Since our time for Bangladesh was short we had toyed with going to Cox Bazar and the beaches. But since we had just done beaches in Sri Lanka and since it has been raining with thunderstorms on the forecast for the next week we decided to head to the Sundarbans, the largest mangrove forest in the world. So, our job for the next day was to obtain a ticket on one of the steamers (they have now been converted to diesel) known as the Rockets.
The Rockets earned this name since they were the fastest thing on the river 80 years ago. Though this honor has long since been usurped, the name stuck. Riding one downstream is an adventure unto itself and after a wrong stop, tea and conversations with the big man of the office and a new address we found ourselves in possession of one 1st class cabin ticket for the following evening.
What to say about Dhaka – it was hot and frustrating and did not grab us the way other cities have. The traffic is really really bad – it took us 1 hour to go 2kms one time. It’s crowded and of course dirty. Cycle rickshaws are a mainstay and clog the streets but we took them a few times and it was quite fun zipping down the narrow streets dodging and weaving numerous obstacles. Other than that, we saw Lalbagh Fort, an incomplete Mughal for somewhat complete, the side of the Pink Palace (since we were half an hour before closing and they wouldn’t let us in), the Star Mosque which is a small beautifully tiled mosque. And the rest of the time we spent sleeping, eating, or stuck in traffic.

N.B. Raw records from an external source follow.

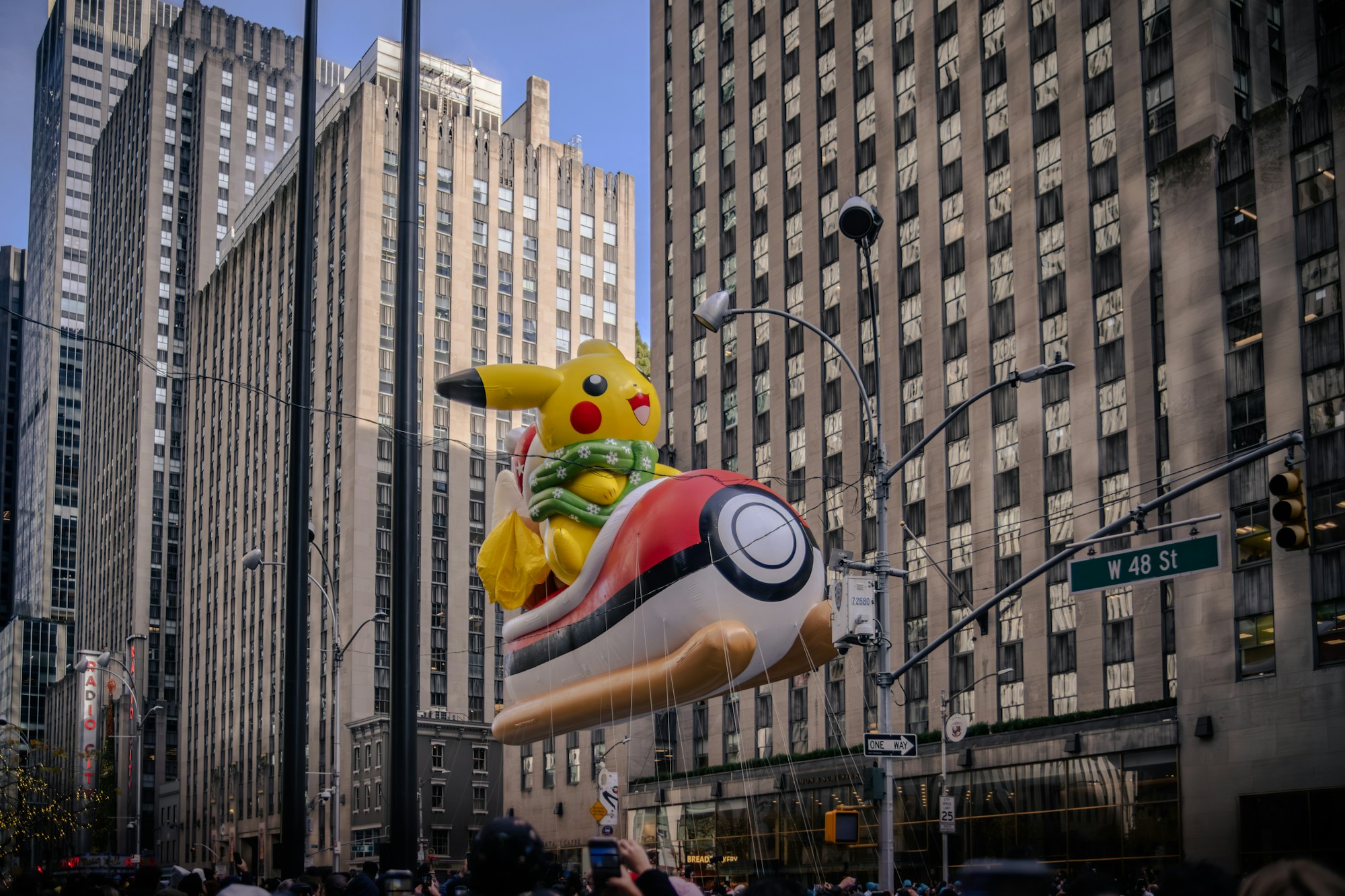 Riesiger Pikachu-Ballon, der während der Macy's-Parade über einer New Yorker Straße schwebt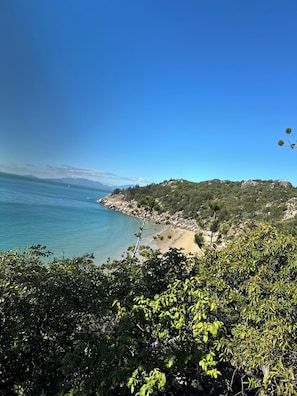 Accommodatie ligt op het strand, strandlakens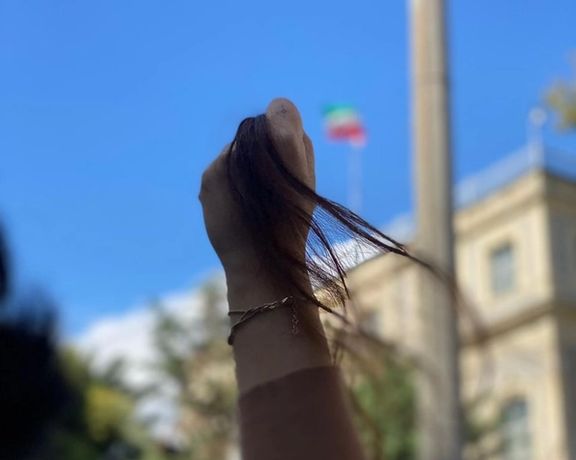 هنرمندان و فعالان سیاسی در سالگرد قتل حکومتی مهسا: مرگ او سرآغاز جنبشی تازه بود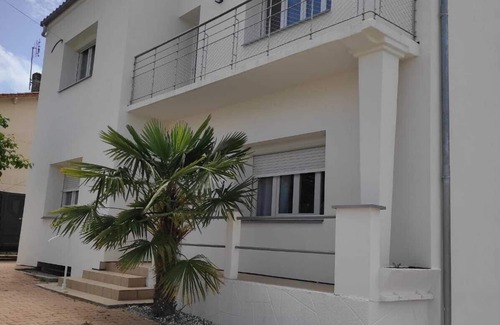 Royan Villa | Villa Royan: Ideal Retreat with Private Heated Pool & Ocean Views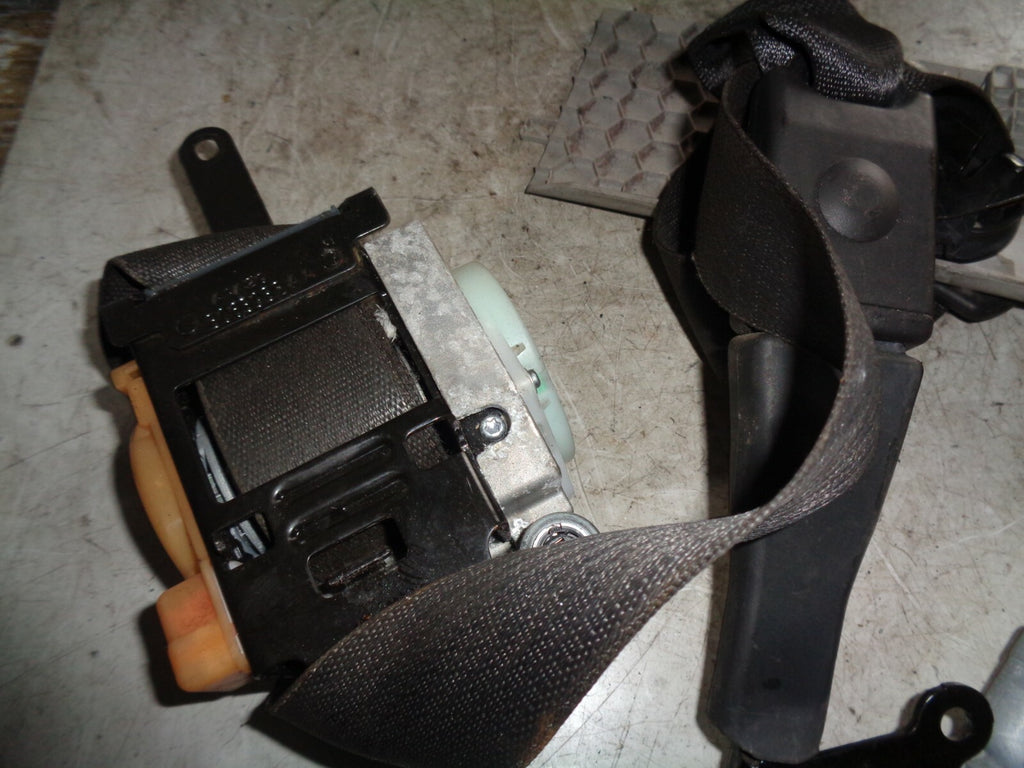 VAUXHALL INSIGNIA MK1 2008-14 OS DRIVER SIDE FRONT SEAT BELT
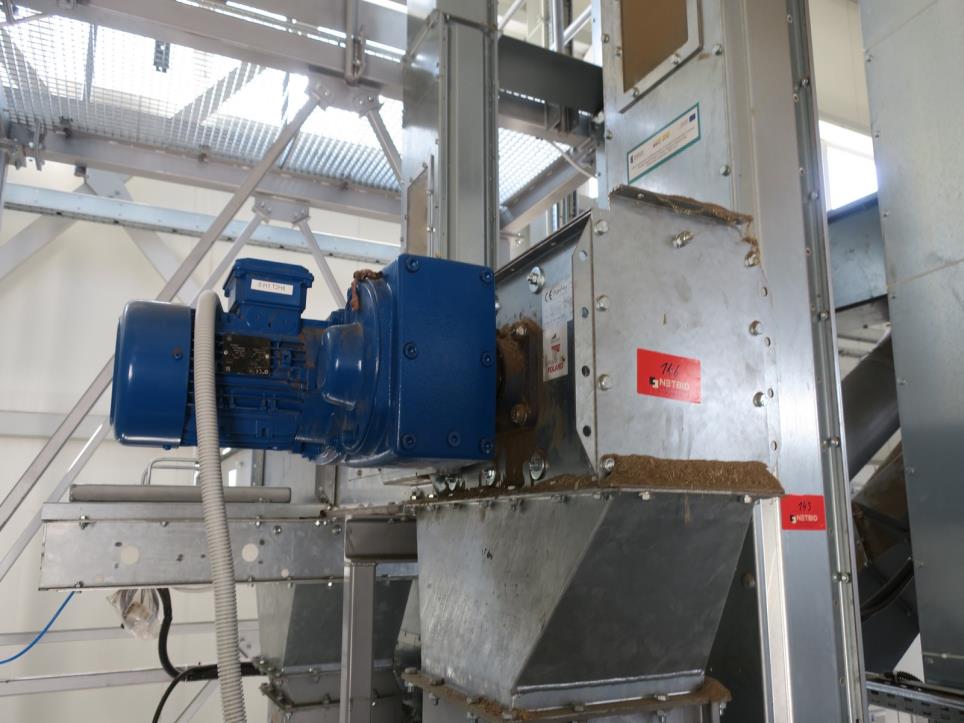 Machines from the biofuel production plant<br>
-2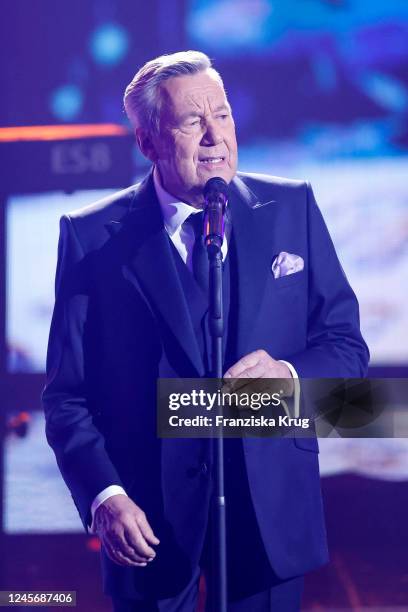 Roland Kaiser performs on stage during the "Ein Herz fuer Kinder" Gala at Studio Berlin Adlershof on December 17, 2022 in Berlin, Germany.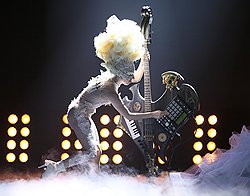 Сценические метаморфозы Леди Гаги не остались незамеченными на Brit Awards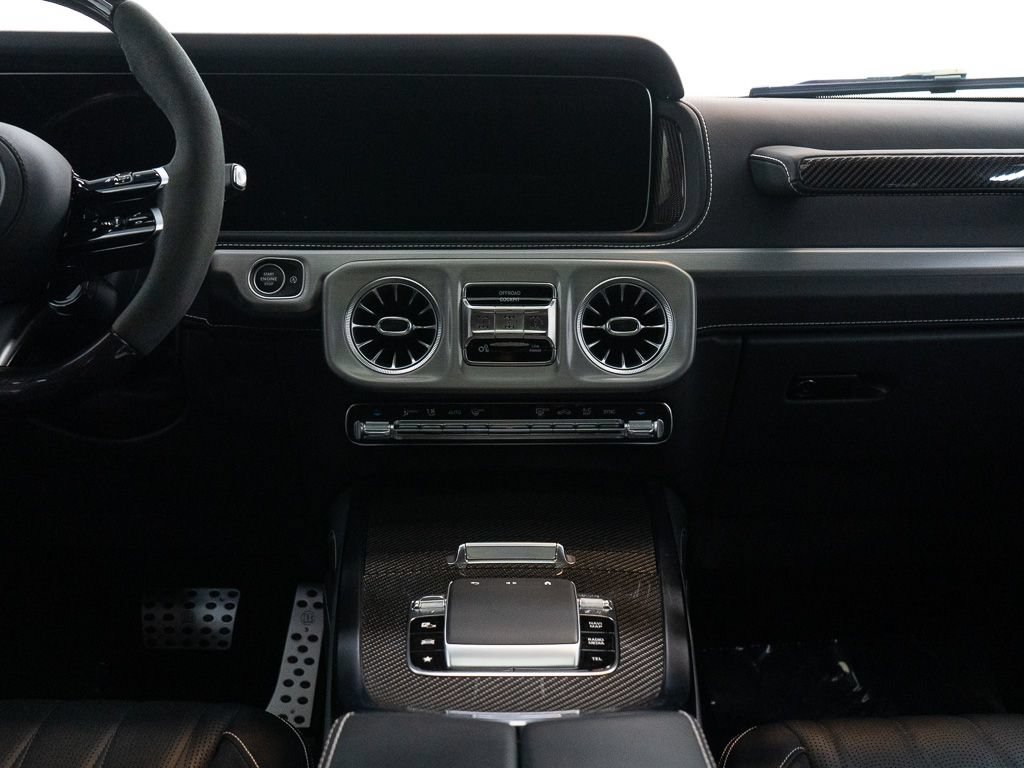 Used 2025 Mercedes-Benz G 63 AMG 4MATIC image 31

So, while Dhaka was not awful it just wasn’t for us and we were happy to be heading for our boat. The Lepcha was built in 1938 and was a steam, now diesel, paddle wheel. The cream coloured boat bobbing at the end of the pier looked her age with rust and worn wood showing. We walked through the lower cargo area passed the diesel engines up to the second open deck where locals were setting up camp on the floor for the journey. Through a small door to the 1st class area with a few dirty fans pushing the warm air around. We had cabin 3, two little bunks with fans and surprisingly an old ac unit humming on the wall.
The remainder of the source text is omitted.